# Logistic Regression

In [1]:
# import numpy
import numpy as np
import pandas as pd
import statsmodels.formula.api as smf

## Loading Data



In [2]:
# load data
titanic = pd.read_csv("titanic.csv")
titanic = titanic[["survived", "pclass", "sex", "age", "embark_town"]]
titanic = titanic.dropna()

In [3]:
X = titanic[titanic.columns[~titanic.columns.isin(['survived'])]]
y = titanic['survived']

We print the shape of X, and inspect the top 5 rows.

In [4]:
X.shape
X.head()

Unnamed: 0,pclass,sex,age,embark_town
0,3,male,22.0,Southampton
1,1,female,38.0,Cherbourg
2,3,female,26.0,Southampton
3,1,female,35.0,Southampton
4,3,male,35.0,Southampton


We also print the first 5 rows of y.

In [5]:
y.head()

0    0
1    1
2    1
3    1
4    0
Name: survived, dtype: int64

## Limitations for Linear Regression

In Regression, we allow the response to take on any real number.
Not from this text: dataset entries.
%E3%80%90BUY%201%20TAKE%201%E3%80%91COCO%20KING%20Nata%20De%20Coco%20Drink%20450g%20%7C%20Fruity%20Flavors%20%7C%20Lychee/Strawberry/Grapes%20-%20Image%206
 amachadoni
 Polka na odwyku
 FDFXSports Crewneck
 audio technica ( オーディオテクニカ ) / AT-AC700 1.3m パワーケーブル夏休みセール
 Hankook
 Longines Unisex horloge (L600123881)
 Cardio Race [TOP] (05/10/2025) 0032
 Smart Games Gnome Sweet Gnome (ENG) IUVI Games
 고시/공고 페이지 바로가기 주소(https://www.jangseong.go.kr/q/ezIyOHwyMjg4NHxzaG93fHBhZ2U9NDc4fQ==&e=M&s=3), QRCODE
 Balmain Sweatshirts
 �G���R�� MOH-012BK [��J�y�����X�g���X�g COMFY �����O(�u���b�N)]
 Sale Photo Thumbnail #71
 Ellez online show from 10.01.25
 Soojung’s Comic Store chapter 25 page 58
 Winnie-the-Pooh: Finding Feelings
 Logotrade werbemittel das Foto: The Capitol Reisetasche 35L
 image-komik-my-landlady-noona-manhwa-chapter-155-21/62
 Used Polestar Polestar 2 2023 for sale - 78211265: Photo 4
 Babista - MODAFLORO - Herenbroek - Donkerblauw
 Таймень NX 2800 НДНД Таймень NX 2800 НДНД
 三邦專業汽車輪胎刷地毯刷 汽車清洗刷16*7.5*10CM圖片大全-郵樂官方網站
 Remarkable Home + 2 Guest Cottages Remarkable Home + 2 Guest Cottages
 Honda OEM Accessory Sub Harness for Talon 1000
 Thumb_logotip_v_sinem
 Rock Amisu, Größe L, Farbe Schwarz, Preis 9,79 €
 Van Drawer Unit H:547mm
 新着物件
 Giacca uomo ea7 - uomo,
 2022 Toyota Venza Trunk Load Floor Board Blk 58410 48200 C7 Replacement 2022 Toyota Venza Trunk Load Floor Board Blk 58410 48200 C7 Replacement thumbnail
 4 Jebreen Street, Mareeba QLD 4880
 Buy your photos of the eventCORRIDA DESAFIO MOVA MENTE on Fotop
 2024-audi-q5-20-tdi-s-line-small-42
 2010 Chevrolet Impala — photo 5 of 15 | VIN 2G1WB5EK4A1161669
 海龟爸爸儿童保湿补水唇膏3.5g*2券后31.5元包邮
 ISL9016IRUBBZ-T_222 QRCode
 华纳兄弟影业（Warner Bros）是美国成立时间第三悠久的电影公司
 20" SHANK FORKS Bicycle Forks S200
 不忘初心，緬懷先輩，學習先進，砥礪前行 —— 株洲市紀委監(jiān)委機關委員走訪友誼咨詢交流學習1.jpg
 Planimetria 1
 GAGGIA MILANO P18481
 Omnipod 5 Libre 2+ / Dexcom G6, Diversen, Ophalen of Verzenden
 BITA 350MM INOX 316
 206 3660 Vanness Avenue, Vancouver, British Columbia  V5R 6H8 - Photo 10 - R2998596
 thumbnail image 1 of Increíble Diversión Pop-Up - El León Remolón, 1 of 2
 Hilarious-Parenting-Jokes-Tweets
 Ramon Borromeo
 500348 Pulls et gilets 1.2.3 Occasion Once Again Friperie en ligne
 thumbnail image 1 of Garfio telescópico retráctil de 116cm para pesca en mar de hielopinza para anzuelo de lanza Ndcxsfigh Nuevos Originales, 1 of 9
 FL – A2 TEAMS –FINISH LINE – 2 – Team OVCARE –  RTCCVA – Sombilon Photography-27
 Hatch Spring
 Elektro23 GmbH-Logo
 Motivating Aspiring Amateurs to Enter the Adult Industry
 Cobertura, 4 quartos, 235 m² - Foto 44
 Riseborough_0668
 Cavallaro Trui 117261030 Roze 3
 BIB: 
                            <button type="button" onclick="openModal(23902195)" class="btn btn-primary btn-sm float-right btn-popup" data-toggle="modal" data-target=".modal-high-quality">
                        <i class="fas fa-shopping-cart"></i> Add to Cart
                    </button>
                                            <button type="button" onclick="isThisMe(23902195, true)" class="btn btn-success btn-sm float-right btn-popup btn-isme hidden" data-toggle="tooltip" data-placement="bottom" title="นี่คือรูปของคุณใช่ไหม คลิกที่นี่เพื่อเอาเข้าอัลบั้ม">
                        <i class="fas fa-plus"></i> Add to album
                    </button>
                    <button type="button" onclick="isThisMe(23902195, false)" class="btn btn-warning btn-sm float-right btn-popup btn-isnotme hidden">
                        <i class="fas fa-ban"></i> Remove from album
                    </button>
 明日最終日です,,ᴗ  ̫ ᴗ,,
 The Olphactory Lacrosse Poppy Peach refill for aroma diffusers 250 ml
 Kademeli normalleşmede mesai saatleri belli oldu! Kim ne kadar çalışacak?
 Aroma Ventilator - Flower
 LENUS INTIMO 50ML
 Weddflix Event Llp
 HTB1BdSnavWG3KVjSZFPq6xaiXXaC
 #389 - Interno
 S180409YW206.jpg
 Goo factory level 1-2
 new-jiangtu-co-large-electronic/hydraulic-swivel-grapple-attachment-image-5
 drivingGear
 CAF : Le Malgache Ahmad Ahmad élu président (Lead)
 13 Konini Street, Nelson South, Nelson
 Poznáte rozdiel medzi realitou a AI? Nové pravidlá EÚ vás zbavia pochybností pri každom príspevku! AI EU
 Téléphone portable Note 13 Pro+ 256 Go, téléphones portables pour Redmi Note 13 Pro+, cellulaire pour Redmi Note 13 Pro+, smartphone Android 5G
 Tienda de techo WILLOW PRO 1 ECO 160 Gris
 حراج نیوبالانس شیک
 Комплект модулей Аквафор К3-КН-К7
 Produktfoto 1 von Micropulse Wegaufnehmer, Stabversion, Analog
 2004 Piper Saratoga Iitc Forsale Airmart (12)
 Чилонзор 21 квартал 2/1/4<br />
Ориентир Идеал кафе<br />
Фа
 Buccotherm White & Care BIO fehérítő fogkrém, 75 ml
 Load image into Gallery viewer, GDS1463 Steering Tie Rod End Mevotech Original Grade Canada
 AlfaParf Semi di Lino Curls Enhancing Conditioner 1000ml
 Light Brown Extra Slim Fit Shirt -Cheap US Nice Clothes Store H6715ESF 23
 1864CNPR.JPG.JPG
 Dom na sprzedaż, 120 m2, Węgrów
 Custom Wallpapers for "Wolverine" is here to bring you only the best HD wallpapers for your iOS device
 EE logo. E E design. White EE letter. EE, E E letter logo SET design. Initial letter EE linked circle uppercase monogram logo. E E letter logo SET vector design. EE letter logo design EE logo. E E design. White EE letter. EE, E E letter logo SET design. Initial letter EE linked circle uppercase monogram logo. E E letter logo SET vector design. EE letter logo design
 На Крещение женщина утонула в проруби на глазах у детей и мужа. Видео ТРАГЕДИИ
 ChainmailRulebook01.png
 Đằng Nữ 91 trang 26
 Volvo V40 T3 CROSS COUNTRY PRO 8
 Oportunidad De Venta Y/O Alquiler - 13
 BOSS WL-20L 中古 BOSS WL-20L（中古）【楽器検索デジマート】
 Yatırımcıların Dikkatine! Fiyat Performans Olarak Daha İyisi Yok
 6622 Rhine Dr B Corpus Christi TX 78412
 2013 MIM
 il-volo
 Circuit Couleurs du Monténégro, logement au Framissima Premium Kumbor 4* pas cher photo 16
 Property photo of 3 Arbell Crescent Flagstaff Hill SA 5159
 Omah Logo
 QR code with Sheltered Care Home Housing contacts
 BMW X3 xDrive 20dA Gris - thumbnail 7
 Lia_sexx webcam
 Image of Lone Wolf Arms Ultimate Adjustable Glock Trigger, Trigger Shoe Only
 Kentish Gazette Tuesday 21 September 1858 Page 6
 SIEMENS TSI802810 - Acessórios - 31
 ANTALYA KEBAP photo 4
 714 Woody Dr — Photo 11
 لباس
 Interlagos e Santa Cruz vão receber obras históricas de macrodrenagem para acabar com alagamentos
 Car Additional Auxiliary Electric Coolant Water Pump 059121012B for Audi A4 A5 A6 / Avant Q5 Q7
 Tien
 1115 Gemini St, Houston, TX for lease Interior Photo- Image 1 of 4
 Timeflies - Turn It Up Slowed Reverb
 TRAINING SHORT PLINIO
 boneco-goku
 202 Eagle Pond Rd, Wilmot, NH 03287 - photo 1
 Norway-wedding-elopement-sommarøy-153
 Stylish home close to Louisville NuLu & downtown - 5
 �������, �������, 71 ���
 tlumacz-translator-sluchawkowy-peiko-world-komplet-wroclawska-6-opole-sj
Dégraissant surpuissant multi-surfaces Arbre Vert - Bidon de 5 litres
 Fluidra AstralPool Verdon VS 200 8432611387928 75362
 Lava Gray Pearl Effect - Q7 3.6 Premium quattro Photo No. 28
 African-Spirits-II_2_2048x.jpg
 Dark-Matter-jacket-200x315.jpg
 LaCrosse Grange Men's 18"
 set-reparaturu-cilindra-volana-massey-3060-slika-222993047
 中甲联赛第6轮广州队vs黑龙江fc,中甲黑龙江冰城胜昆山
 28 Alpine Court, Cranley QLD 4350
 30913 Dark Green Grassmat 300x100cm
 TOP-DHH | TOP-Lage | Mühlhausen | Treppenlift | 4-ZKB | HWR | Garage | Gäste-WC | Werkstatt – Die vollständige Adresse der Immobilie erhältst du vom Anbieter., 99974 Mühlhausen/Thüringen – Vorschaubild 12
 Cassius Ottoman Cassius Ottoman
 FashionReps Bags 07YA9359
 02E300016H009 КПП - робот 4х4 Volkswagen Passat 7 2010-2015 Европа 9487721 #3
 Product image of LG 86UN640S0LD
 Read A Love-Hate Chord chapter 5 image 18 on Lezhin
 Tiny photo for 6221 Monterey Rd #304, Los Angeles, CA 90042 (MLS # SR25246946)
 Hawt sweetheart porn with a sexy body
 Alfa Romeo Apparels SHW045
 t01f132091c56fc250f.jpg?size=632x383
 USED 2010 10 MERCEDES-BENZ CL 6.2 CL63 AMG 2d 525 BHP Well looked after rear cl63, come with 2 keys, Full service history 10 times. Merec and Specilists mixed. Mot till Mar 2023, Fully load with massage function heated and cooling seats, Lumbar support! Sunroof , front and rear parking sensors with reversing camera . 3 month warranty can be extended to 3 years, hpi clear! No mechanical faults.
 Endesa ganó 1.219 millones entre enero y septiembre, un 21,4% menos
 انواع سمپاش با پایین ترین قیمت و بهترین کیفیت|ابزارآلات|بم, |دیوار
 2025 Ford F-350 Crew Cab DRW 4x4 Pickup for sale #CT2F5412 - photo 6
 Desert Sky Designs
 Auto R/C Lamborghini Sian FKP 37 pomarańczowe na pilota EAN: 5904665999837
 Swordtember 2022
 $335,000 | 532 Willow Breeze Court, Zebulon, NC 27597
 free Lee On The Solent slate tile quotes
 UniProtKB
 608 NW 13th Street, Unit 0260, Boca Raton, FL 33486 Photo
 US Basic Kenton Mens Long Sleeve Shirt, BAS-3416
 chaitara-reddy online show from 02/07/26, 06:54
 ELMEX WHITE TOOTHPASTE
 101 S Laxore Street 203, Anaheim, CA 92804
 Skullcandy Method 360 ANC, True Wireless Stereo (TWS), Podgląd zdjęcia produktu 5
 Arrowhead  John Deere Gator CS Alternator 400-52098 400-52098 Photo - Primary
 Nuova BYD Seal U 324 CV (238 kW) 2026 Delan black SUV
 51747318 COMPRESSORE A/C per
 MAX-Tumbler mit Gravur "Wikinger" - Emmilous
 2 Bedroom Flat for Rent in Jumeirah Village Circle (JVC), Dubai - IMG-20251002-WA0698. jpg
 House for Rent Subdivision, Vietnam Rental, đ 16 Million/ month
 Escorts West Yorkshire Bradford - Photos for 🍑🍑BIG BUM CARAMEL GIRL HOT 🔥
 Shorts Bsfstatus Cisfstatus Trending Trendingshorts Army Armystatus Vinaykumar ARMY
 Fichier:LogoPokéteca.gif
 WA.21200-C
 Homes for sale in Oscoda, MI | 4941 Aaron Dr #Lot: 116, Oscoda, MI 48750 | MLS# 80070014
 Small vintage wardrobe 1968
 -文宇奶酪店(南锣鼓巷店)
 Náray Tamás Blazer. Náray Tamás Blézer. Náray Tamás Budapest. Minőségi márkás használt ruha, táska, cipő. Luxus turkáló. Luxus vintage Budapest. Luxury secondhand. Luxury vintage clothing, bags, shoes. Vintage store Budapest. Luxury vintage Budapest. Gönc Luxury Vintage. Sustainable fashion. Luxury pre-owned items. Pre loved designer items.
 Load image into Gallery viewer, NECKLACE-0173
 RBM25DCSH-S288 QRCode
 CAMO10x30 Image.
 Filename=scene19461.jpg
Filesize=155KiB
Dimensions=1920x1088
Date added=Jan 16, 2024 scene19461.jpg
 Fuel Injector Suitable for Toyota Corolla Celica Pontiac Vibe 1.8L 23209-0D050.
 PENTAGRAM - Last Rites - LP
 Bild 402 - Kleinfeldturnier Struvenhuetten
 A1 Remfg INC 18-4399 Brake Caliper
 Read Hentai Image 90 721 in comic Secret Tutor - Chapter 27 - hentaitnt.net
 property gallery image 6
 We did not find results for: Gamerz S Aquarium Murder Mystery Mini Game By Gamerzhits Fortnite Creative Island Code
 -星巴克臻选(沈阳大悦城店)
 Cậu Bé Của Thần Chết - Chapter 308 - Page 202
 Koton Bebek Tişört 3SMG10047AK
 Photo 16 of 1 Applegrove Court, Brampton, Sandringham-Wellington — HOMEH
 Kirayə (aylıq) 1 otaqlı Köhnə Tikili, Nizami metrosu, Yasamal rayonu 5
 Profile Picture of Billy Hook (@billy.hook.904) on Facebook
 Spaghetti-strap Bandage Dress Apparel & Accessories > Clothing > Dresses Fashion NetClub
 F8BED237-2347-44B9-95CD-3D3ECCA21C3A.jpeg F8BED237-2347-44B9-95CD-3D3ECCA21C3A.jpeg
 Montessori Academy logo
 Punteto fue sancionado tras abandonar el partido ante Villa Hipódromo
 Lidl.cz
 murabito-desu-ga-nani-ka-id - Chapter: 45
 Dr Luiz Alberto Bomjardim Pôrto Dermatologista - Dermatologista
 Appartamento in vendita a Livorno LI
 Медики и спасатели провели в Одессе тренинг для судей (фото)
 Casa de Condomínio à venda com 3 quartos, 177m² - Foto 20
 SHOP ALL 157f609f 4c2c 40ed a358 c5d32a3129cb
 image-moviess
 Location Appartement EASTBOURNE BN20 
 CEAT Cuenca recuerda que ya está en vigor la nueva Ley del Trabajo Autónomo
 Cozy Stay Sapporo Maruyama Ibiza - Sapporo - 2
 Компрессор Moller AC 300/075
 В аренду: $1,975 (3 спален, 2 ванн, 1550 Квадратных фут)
But what if the range is restricted?

1. Positive values: river flow. 
    - Lower limit: 0
2. Percent/proportion data: proportion of income spent on housing in Vancouver. 
    - Lower limit: 0
    - Upper limit: 1. 
3. Binary data: success/failure data.
    - Only take values of 0 and 1.
4. Count data: number of male crabs nearby a nesting female
    - Only take count values (0, 1, 2, ...)

Notice the problem here? **The regression lines (i.e. the predicted values by linear regression) extend beyond the possible range of the response**.   

This is *mathematically incorrect*, the expected value cannot extend outside of the range of Y. 

The *practical* consequences:
- When fitting a linear regression model when the range of the response is restricted, we lose the ability to extrapolate, as we obtain logical fallacies if we do. 

- However, a linear regression model might still be useful in these settings. After all, the linear trend looks good for the range of the data. 


## Classification and Regression Problems (Quick Review)


![img](https://static.javatpoint.com/tutorial/machine-learning/images/regression-vs-classification-in-machine-learning.png)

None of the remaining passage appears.